## EXERCISE
Which lines run from the one containing "Eco 8 Thermostatisch" to the end of the material below? Copy them exactly, pictures excluded.

## DATA PROVIDED
===============

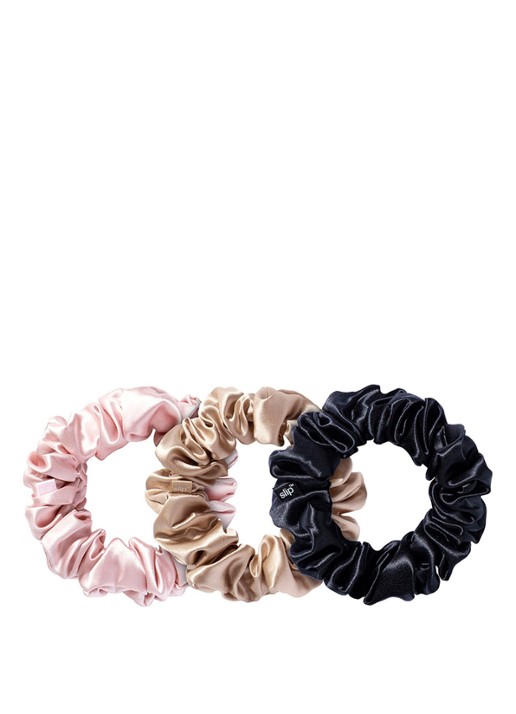 slip Silk Scrunchies large haarelastiek van zijde set van 3 - voorkant 4 undefined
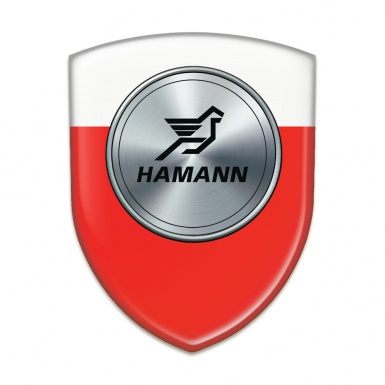 Hamann Self Adhesive Car logo Emblem Red White Print 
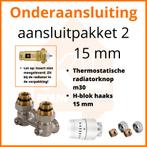 Eco 8 Thermostatisch aansluitpakket 2 t.b.v. 15 mm buis, Doe-het-zelf en Verbouw, Verwarming en Radiatoren, Ophalen of Verzenden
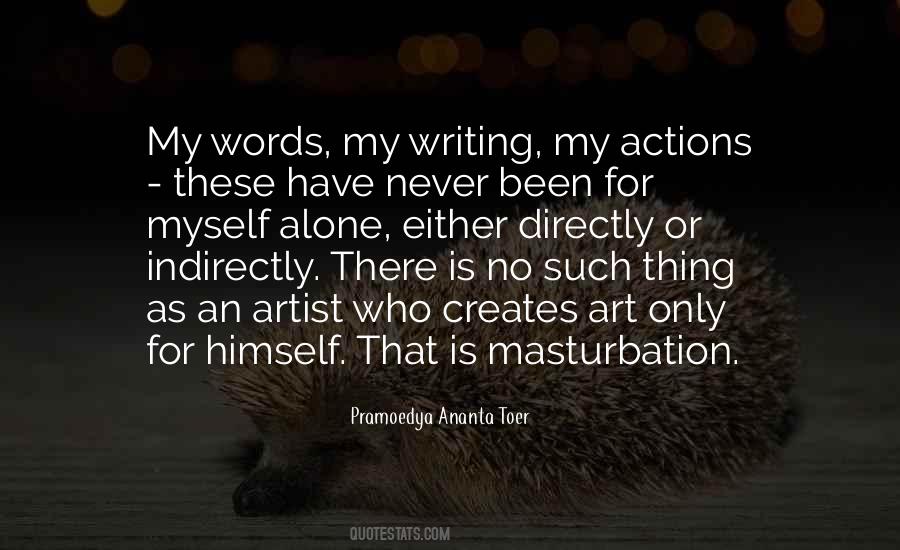 Writer Artist Quotes #1715925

===============

## OUTPUT OF THE EXERCISE
 Eco 8 Thermostatisch aansluitpakket 2 t.b.v. 15 mm buis, Doe-het-zelf en Verbouw, Verwarming en Radiatoren, Ophalen of Verzenden
 Writer Artist Quotes #1715925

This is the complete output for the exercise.